▶ [Material for the task]
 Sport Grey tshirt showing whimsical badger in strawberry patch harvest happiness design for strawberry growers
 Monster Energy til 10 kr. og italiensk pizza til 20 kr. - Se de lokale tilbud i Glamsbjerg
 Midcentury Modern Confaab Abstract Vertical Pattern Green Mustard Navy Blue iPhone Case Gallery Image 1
--
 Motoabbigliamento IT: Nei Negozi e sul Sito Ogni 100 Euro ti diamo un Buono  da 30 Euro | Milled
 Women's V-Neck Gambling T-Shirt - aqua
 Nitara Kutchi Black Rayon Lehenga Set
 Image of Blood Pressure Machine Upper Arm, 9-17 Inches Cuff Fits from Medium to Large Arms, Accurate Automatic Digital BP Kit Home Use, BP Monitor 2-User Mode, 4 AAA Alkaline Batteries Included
==
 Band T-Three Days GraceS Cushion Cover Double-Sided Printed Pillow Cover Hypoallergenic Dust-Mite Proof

▶ [What is being asked] In the entries above, how many lines include the word "Image"? Give only that number.

▶ [Response to this exercise] 2